As an expat, it thrills me to know end when my kids request something all-American and I know that somehow I have instilled my own love of those things of my childhood: sitting around a table playing board games or doing a puzzle “en famille”, pizza nights in front of an old black & white movie or something scary, eating hamburgers with their hands and not a knife and fork, and preferring a good old-fashioned chocolate chip cookie or a chewy, chocolaty brownie over an éclair or a palmier come snack time.


Here are the basic recipes; everyone knows them. The cookie recipe is a classic and the brownie recipe is for what my son refers to as “you know! “Normal” brownies! What you think of when you think of brownies!” Easy enough for even the kids to learn how to make.


CHOCOLATE CHIP COOKIES

2 sticks (1 cup, 225 g) unsalted butter softened to room temperature
¾ cup (150 g) granulated white sugar
¾ cup (165 g) brown sugar
2 large eggs
2 tsps vanilla extract
1 tsp baking soda
1 ½ tsps salt
2 ¼ (280 g) cups flour
1 – 2 cups mini chocolate chips as you like
1 cup chopped pecans or walnuts as you like (optional)


Preheat the oven to 375°F (190°C).

In a large mixing bowl, beat the butter with the 2 sugars together until blended, light and fluffy. Beat in the eggs, one at a time, beating just until blended, and then the vanilla.

Blend together the flour with the baking soda and salt. Gradually beat into the butter mixture, stirring by hand at the end if it gets to stiff to finish with electric beaters.


Stir or beat in the chips and chopped nuts.


Chill if desired.

Drop by spoonfuls, as large or as small as desired, onto cookie sheets, leaving space in between for spreading.


Bake for 9 – 11 minutes, depending on the size of your cookies, until golden brown around the edges and barely set in the center.


Remove from the oven and carefully transfer to cooling racks with a spatula.
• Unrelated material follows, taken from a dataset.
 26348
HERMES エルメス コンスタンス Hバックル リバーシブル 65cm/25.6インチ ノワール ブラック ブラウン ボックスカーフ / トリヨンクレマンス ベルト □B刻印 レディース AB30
If they are too soft to move, allow to cool slightly on the hot cookie sheets (they will continue to cook for a bit).


“NORMAL” FUDGY BROWNIES

½ cup (1 stick, 115 g) unsalted butter
3 oz (90 g) unsweetened chocolate, coarsely chopped (I used Lindt dessert 85%)
1 cup (200 g) sugar
2 large eggs
1 tsp vanilla
2/3 (85 g) cups flour
¼ tsp baking soda
½ - 1 cup coarsely chopped pecans or walnuts


Preheat oven to 350°F (180°C). Butter an 8 x 8 or 9 x 9-inch square pan.
In the microwave or in a bowl over simmering water, melt the chocolate and the butter. Remove from the heat and allow to cool as you continue stirring until all the chocolate is completely melted.
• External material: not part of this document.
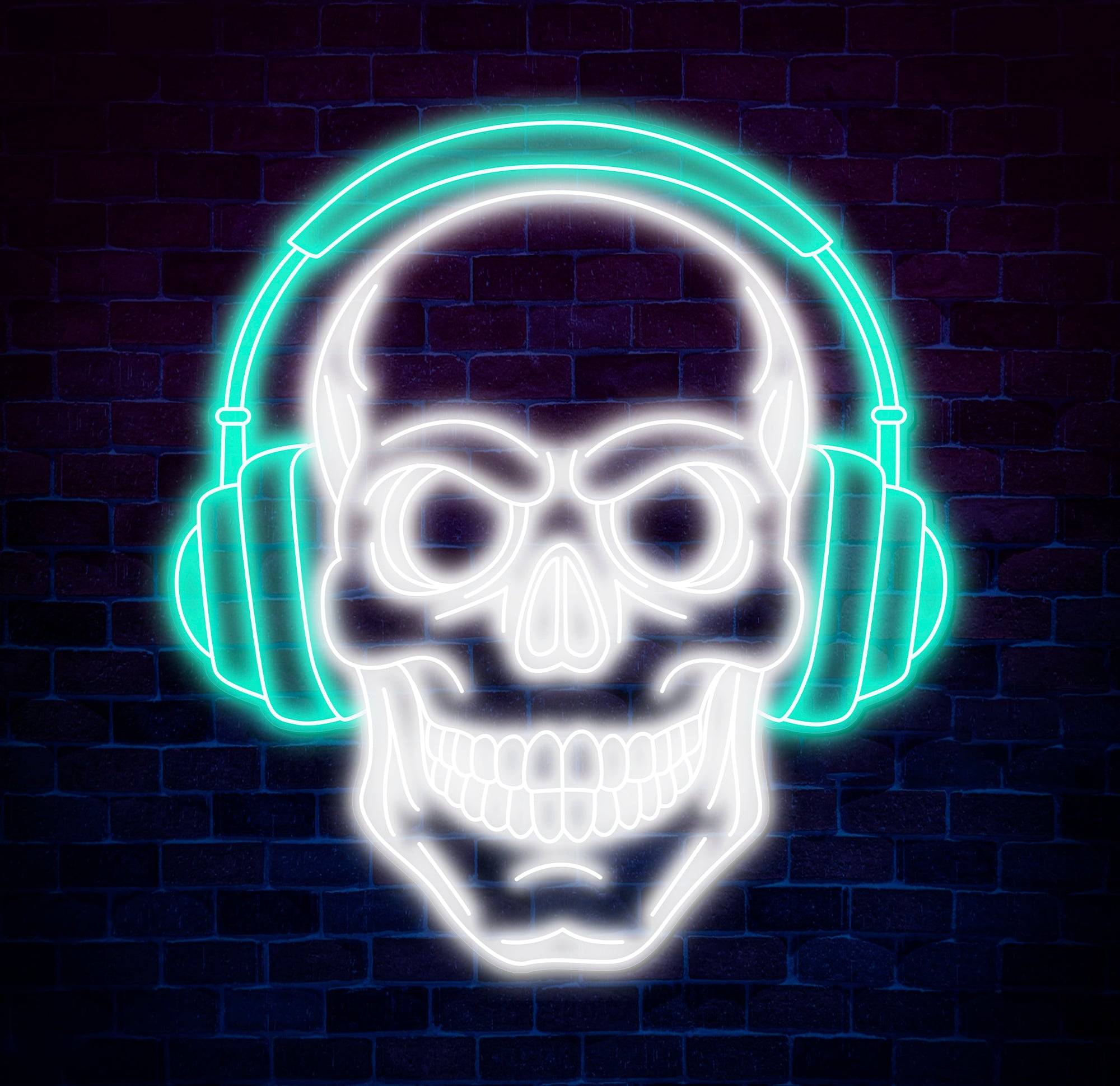 Skull Headphone Neon Sign, Custom LED Sign for Music Lovers, Music Club Wall Decor, Unique Headphone Shop Light, Perfect Gift for Music Fans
Stir the sugar into the melted chocolate/butter. Add the eggs, one at a time, stirring well after each addition. Stir in the vanilla.

Stir the baking soda into the flour and then stir it all into the chocolate mixture until just combined.


Stir in the coarsely chopped nuts.


Spread the batter into the prepared pan and bake for 25 – 30 minutes for the smaller pan, 20 - 25 minutes for the larger until just set in the center. Remove from the oven onto a cooling rack and allow to cool.

This recipe gives a crackly, pale crust.

It will sink in the center as it cools if it is not overcooked.

These brownies were amazingly chocolaty for a brownie that was actually much lighter than what I usually make. They are gooier than brownies made with cocoa powder. And they seemed to get denser and better the second day.


WHAT ARE YOUR FAVORITE CHILDHOOD TREATS? WHAT REMINDS YOU OF HOME?